» Exercise requirements
Please set down, unchanged, each line from the one with "Spring Ring Clasp" to the final line of the data below, both included. Drop the pictures.
---+---
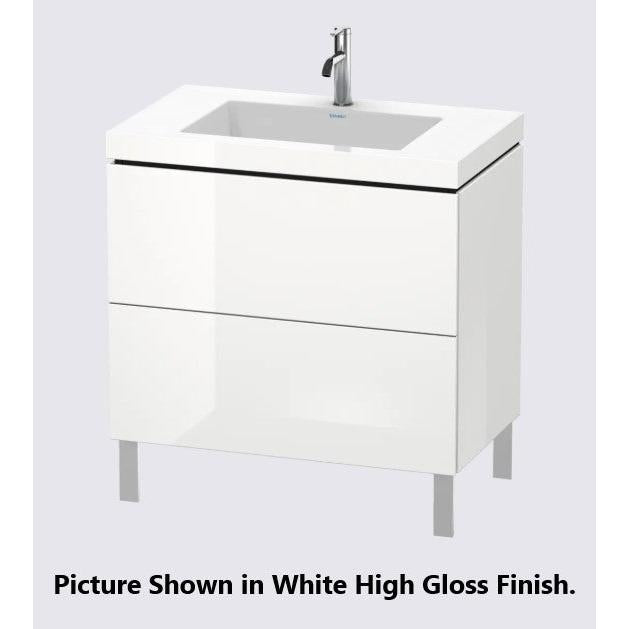 Duravit L-Cube 31" x 27" x 19" Chestnut Dark Two Drawer C-Bonded Floorstanding Vanity Kit (LC6937O5353)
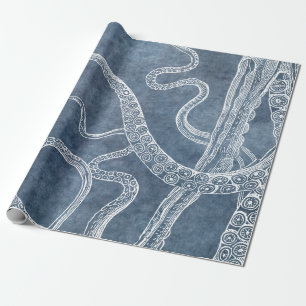 Tintenfisch - Zwielicht Blau Verblasste Denim Aqua Geschenkpapier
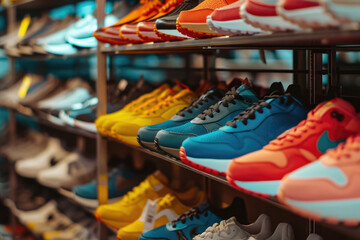 Closeup Of Sporty Sneakers Aligned On Store Shelf - obrazy, fototapety, plakaty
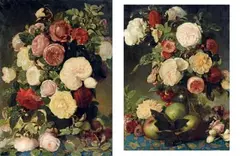 Nature morte au bouquet de fleurs et pommes Bouquet de fleurs by Théophile-Antoine Kwiatkowski, Panneau de merisier ou d'acajou, sold Feb 2013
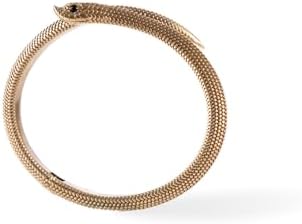 Spring Ring Clasp Men's Brass Cuff Bracelet with Snake Chain and Black Zirconia - For Women and Men - Hognose Snake Design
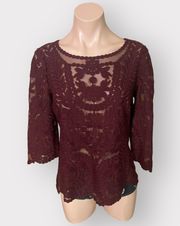 Alden Women’s Small Lace 3/4 Sleeve Burgundy Semi Sheer Blouse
---+---
» Written solution
 Spring Ring Clasp Men's Brass Cuff Bracelet with Snake Chain and Black Zirconia - For Women and Men - Hognose Snake Design
 Alden Women’s Small Lace 3/4 Sleeve Burgundy Semi Sheer Blouse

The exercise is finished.